Provided material:
=== Section Start ===

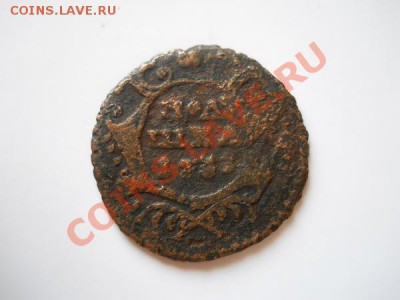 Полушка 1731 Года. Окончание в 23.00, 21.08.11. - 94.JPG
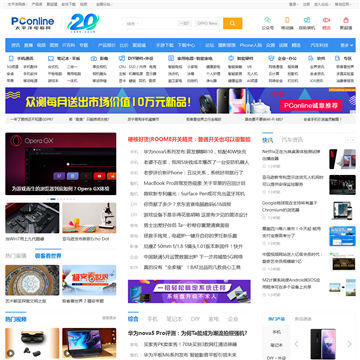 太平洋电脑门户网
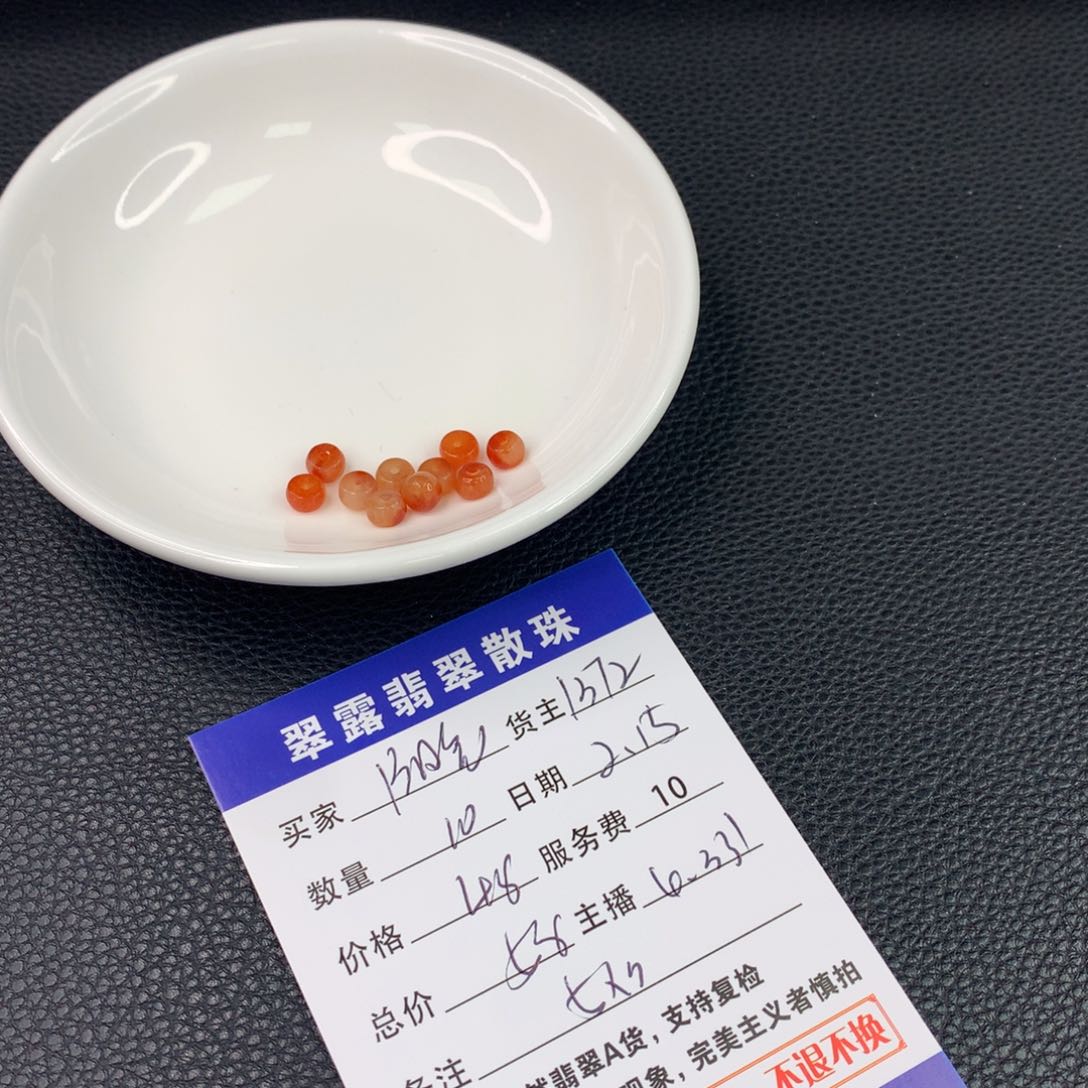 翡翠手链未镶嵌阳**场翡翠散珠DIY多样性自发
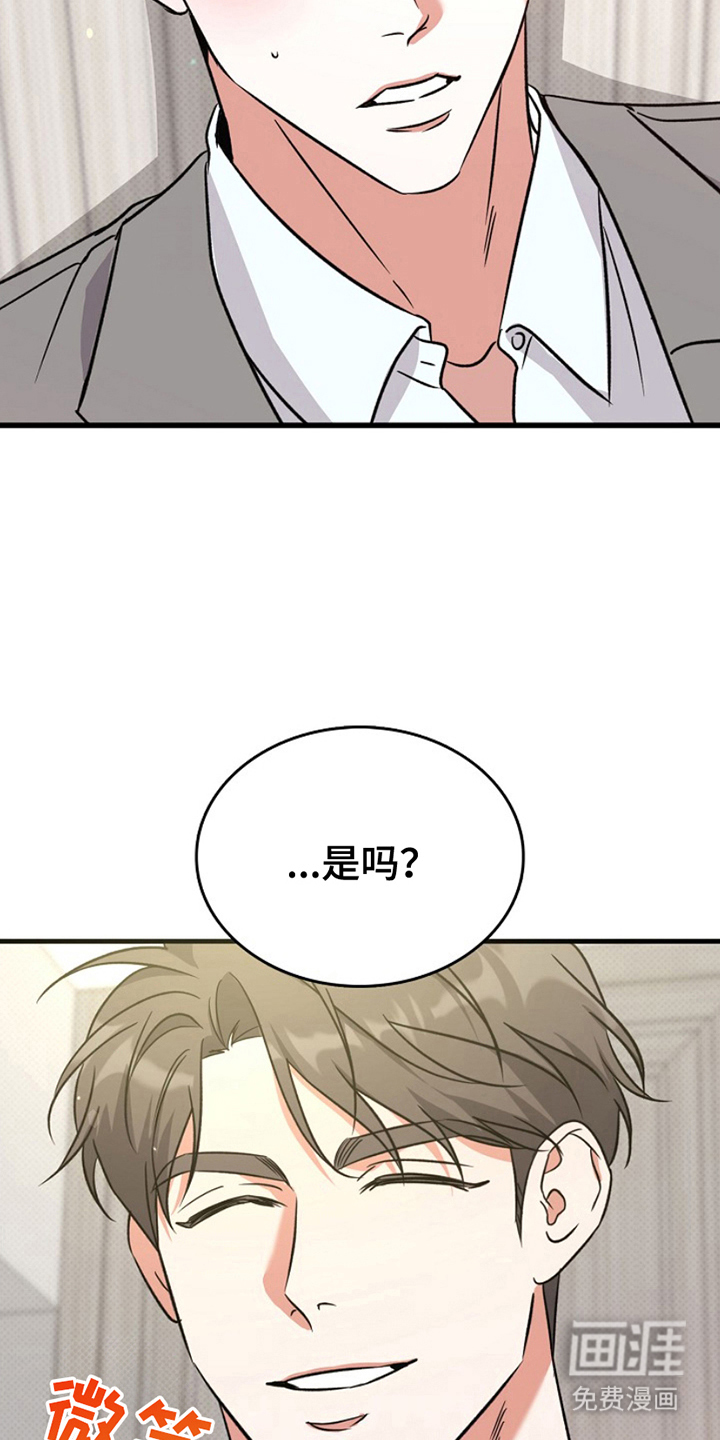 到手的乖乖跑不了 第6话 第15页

=== Section End ===

Each line of the data is to be duplicated exactly; pictures stay out of the copy.

Solved problem:
 Полушка 1731 Года. Окончание в 23.00, 21.08.11. - 94.JPG
 太平洋电脑门户网
 翡翠手链未镶嵌阳**场翡翠散珠DIY多样性自发
 到手的乖乖跑不了 第6话 第15页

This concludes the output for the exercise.